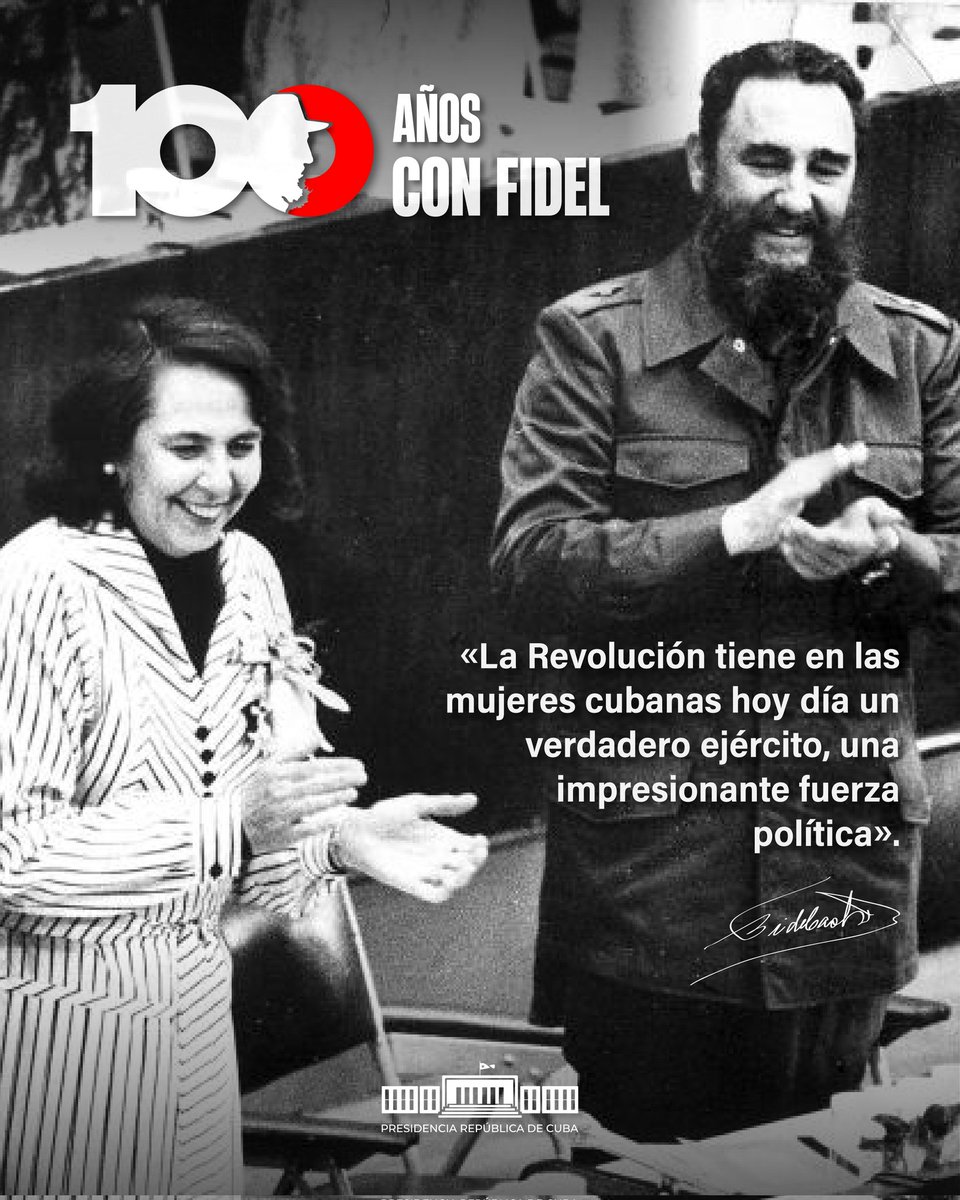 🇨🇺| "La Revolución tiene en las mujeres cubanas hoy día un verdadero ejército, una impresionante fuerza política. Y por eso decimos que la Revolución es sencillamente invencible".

---

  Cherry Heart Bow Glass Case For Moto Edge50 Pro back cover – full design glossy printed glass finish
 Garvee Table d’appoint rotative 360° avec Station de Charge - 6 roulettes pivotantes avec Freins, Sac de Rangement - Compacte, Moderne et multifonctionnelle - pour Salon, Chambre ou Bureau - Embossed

...

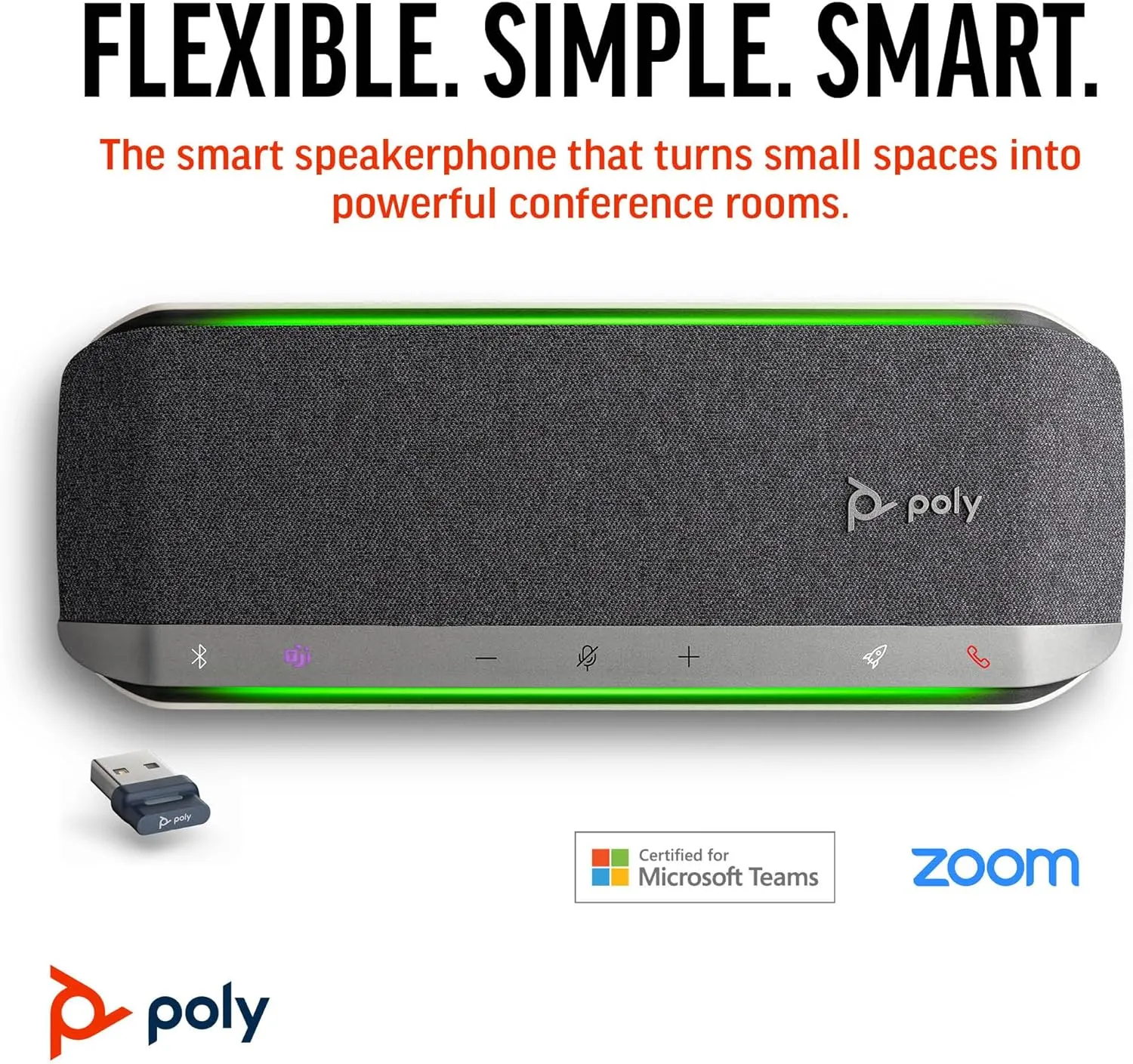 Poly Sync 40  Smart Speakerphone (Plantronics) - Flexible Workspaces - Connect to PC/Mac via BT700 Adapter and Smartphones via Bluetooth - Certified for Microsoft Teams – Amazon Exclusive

- Brief
Write out exactly the lines that fall from the line with "Cherry Heart Bow" to the line with "Garvee Table d’appoint" in the records above, keeping both ends.

- Answer space
  Cherry Heart Bow Glass Case For Moto Edge50 Pro back cover – full design glossy printed glass finish
 Garvee Table d’appoint rotative 360° avec Station de Charge - 6 roulettes pivotantes avec Freins, Sac de Rangement - Compacte, Moderne et multifonctionnelle - pour Salon, Chambre ou Bureau - Embossed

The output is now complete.